Highlights & Insights¶
- First All-Complex Vocoder: Utilizes CVNN in both the generator and discriminator, establishing a paradigm for complex-domain adversarial training.
- Phase Quantization serves as a simple and effective inductive bias: discretizing the continuous phase acts as "phase anchors" for the network, preventing phase inconsistency issues during training.
- Block Matrix Calculation cleverly exploits the structural characteristics of complex-valued operations, transforming seemingly inefficient complex requirements into computational costs comparable to real-valued operations.
- Preliminary experiments (synthesizing complex distributions with GANs) validate the theoretical advantages of CVNN in complex-domain modeling, providing controlled experimental support for future vocoder designs.
Limitations & Future Work¶
- The parameter count of CVNN layers is approximately 2× that of RVNN (real and imaginary parts require independent weights); although block matrices optimize computation, memory overhead remains high.
- A strictly fair comparison was only conducted with Vocos; comparisons with more vocoders (e.g., BigVGAN v2, Descript Audio Codec) are needed.
- How to choose the number of levels \(N_q\) for phase quantization? The impact of different values on quality has not been systematically ablated.
- Not yet validated in end-to-end TTS systems—whether vocoder quality translates into overall TTS performance improvements remains to be seen.
Related Work & Insights¶
- vs. Vocos: Shared iSTFT framework, but Vocos uses RVNN while ComVo uses CVNN—the difference lies solely in whether the network is natively complex-valued.
- vs. HiFi-GAN/BigVGAN: These generate directly in the waveform domain, whereas ComVo generates in the frequency domain followed by iSTFT; the architectural paradigms differ.
- CVNN Field: Complex-valued networks are already applied in MRI reconstruction and radar classification; ComVo introduces them for the first time to audio generation.
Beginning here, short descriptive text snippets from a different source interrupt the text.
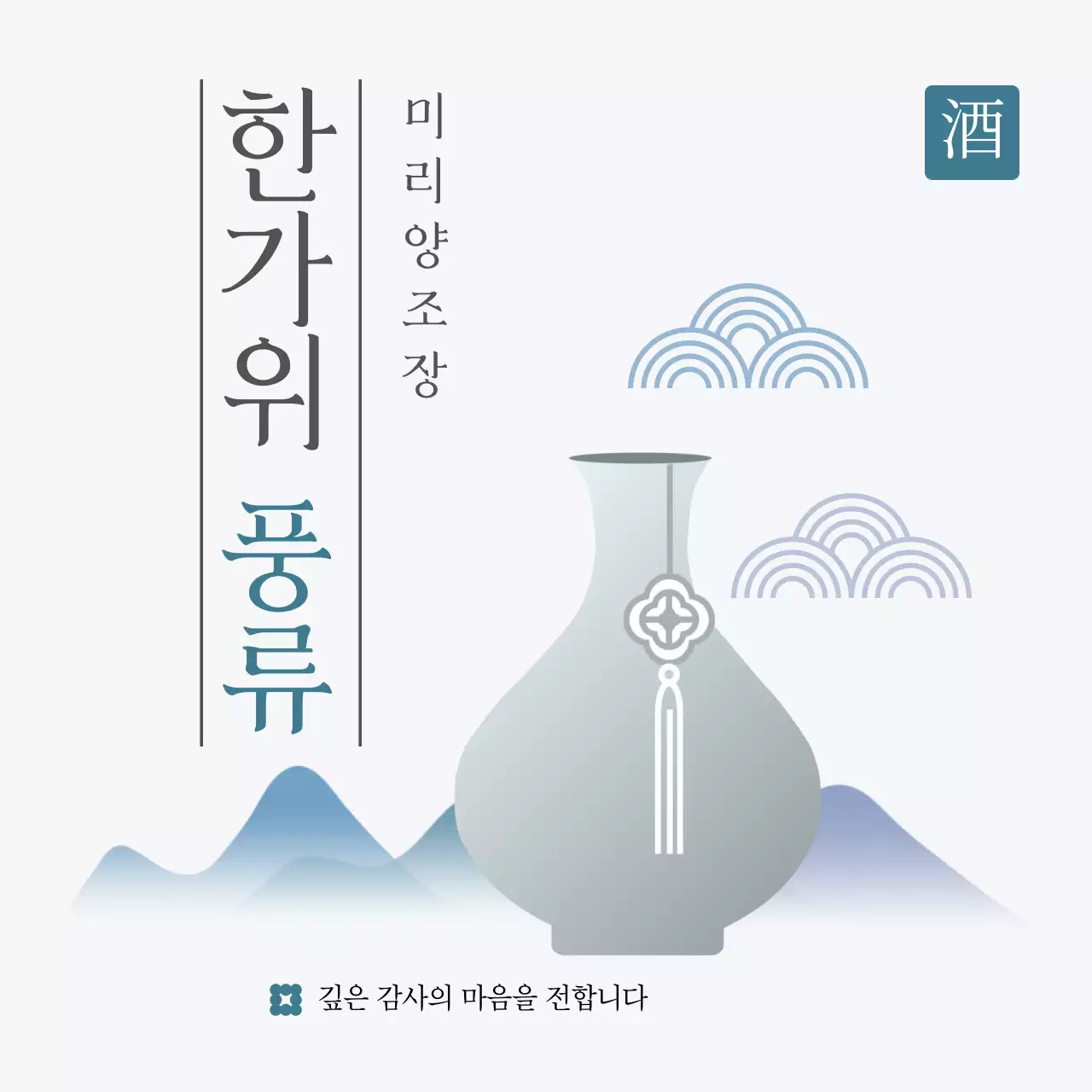 회색 전통 명절 광고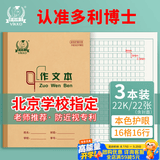 多利博士作文本22k16格16行小学生三年级大作文本方格日记本北京学校指定作业本22开厚22张3本【学生必备】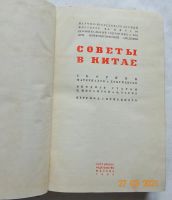 Лот: 17442644. Фото: 2. Сборник "Советы в Китае" 1934г. Общественные и гуманитарные науки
- Insight: Any signal processing task naturally existing in complex form (e.g., RF signals, optical imaging) could consider a similar CVNN replacement.
Rating¶
- Novelty: ⭐⭐⭐⭐ First all-complex iSTFT vocoder with a novel phase quantization design.
- Experimental Thoroughness: ⭐⭐⭐⭐ Includes subjective/objective evaluations, controlled experiments, and ablations, though the baseline comparison could be more extensive.
- Writing Quality: ⭐⭐⭐⭐ Smooth narrative transitioning from preliminary experiments to the full system.
- Value: ⭐⭐⭐⭐ Advances the application of complex-valued networks in audio generation and paves the way for future research.